1.   lavabo zn. (BN) 'wasbak, wastafel'
categorie:
leenwoord, alleen in België of Nederland
Vnnl. lavabo 'wasbekken voor het reinigen van de handen door de priester' [1642; WNT Aanv.]; nnl. lavabo 'wastafel' [1931; Verschueren].
Ontleend aan Frans lavabo 'doek waaraan priester zijn handen afveegt' [1560; Rey], vervolgens 'gebed waarbij hij zegt lavabo' [1721; Rey], later ook algemener 'wastafel' [ca. 1801; Rey]. Het woord gaat terug op de tekst van Psalm 26:6 in de Latijnse Vulgaat lavabo inter innocentes manus meas 'ik zal onder onschuldigen mijn handen wassen', de priesterlijke woorden bij de symbolische daad van het handen wassen vlak na de offerande.

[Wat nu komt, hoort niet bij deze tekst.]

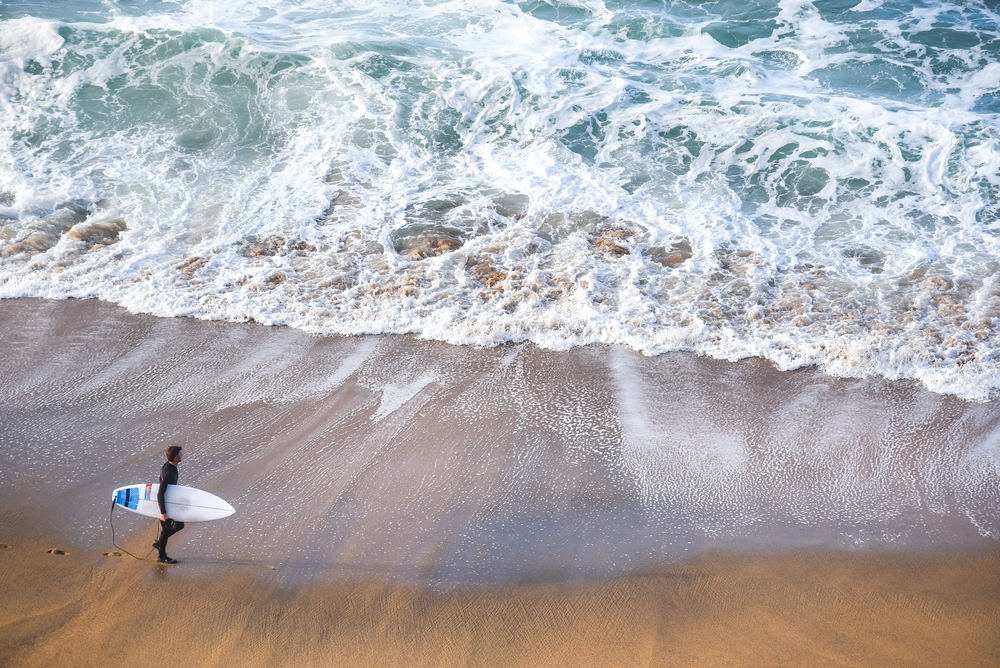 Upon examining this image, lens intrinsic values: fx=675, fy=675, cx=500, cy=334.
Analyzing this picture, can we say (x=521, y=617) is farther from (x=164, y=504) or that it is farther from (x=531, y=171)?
(x=531, y=171)

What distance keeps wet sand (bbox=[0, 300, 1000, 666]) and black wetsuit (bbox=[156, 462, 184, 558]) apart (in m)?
0.22

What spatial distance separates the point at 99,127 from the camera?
12352mm

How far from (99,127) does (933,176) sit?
1451 centimetres

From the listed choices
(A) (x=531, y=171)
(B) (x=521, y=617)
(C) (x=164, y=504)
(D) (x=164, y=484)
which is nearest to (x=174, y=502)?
(C) (x=164, y=504)

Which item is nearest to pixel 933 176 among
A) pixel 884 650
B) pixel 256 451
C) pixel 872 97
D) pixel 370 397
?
pixel 872 97

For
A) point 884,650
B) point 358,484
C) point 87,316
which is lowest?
point 884,650

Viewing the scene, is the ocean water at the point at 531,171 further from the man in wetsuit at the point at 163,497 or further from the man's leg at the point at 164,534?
the man's leg at the point at 164,534

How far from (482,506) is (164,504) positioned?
248 centimetres

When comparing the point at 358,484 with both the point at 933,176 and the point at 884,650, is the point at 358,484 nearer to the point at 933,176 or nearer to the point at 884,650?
the point at 884,650

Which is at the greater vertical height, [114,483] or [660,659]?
[114,483]

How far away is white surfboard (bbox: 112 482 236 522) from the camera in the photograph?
511cm

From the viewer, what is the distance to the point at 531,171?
1145 centimetres

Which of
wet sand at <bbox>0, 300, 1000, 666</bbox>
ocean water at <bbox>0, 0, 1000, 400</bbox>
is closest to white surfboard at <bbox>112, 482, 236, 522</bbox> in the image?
wet sand at <bbox>0, 300, 1000, 666</bbox>

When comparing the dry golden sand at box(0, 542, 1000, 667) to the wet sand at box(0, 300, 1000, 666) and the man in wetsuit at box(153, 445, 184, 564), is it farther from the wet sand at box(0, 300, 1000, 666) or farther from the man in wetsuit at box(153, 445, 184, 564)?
the man in wetsuit at box(153, 445, 184, 564)
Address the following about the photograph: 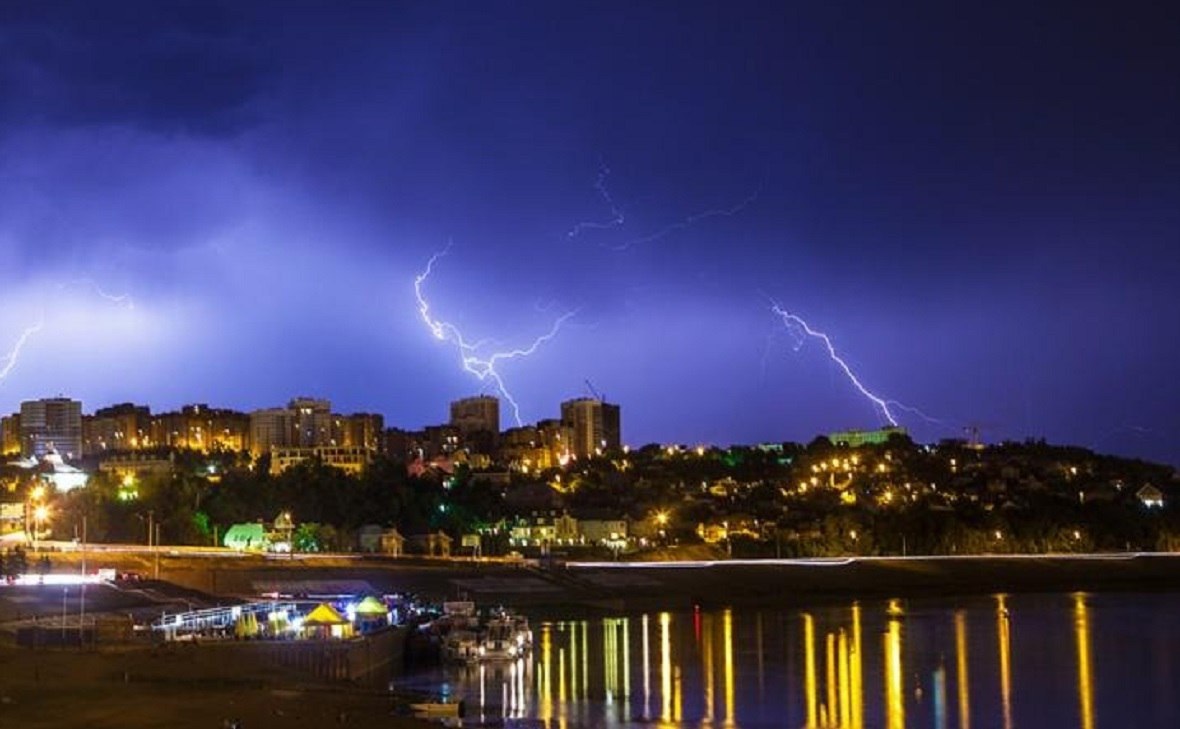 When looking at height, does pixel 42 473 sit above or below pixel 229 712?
above

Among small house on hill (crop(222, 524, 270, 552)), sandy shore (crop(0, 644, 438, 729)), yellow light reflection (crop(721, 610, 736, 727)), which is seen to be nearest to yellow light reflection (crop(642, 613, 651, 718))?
yellow light reflection (crop(721, 610, 736, 727))

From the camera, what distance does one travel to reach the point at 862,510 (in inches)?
5650

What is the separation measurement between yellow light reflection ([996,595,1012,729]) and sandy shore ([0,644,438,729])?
54.0 ft

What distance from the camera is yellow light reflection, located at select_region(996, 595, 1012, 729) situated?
1548 inches

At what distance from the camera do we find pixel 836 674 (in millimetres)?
47531

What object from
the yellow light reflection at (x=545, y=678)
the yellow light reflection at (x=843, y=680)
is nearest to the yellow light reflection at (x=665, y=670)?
the yellow light reflection at (x=545, y=678)

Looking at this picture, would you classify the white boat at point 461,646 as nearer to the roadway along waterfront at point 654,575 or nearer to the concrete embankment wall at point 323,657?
the concrete embankment wall at point 323,657

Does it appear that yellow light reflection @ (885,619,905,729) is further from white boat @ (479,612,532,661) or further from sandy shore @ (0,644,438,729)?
white boat @ (479,612,532,661)

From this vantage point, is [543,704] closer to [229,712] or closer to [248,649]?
[248,649]

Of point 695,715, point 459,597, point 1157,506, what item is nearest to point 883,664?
point 695,715

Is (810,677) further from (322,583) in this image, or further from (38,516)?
(38,516)

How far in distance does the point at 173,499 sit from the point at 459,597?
1206 inches

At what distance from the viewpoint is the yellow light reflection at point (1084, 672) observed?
1529 inches

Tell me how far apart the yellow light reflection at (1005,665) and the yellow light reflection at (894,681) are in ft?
8.81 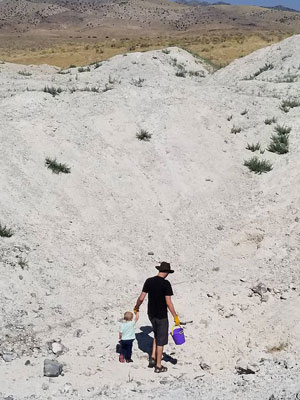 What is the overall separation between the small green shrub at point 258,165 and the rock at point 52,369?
27.8 feet

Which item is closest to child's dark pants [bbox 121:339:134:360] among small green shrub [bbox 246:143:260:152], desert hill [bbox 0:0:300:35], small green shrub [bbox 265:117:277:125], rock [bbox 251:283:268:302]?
rock [bbox 251:283:268:302]

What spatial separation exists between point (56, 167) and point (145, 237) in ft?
9.44

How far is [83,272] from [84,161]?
392 centimetres

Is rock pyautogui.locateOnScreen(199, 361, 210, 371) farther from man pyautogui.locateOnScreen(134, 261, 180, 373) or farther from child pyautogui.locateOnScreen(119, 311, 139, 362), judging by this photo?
child pyautogui.locateOnScreen(119, 311, 139, 362)

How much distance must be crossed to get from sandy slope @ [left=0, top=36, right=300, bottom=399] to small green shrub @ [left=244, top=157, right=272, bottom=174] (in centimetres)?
27

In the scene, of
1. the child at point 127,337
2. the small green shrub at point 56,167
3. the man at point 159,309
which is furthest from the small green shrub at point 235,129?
the child at point 127,337

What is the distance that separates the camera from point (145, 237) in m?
11.2

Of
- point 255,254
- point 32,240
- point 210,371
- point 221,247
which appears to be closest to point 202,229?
point 221,247

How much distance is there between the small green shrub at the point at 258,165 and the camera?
1374 cm

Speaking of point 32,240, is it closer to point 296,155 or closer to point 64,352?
point 64,352

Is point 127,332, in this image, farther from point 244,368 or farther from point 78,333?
point 244,368

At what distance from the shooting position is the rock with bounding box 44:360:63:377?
279 inches

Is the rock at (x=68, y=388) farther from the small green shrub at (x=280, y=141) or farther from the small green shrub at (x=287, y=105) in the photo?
the small green shrub at (x=287, y=105)

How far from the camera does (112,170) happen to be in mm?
12844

Lavabo 'ik zal wassen' is een vervoeging van het werkwoord lavāre 'wassen', zie laven.
De kerkelijke betekenis kan rechtstreeks aan het Latijn ontleend zijn, maar de betekenissen 'wastafel' en 'meubel met ingebouwde wastafel', 'fonteintje (op de wc)', enz., die vooral BN zijn, zijn zeker ontstaan onder invloed van het Frans.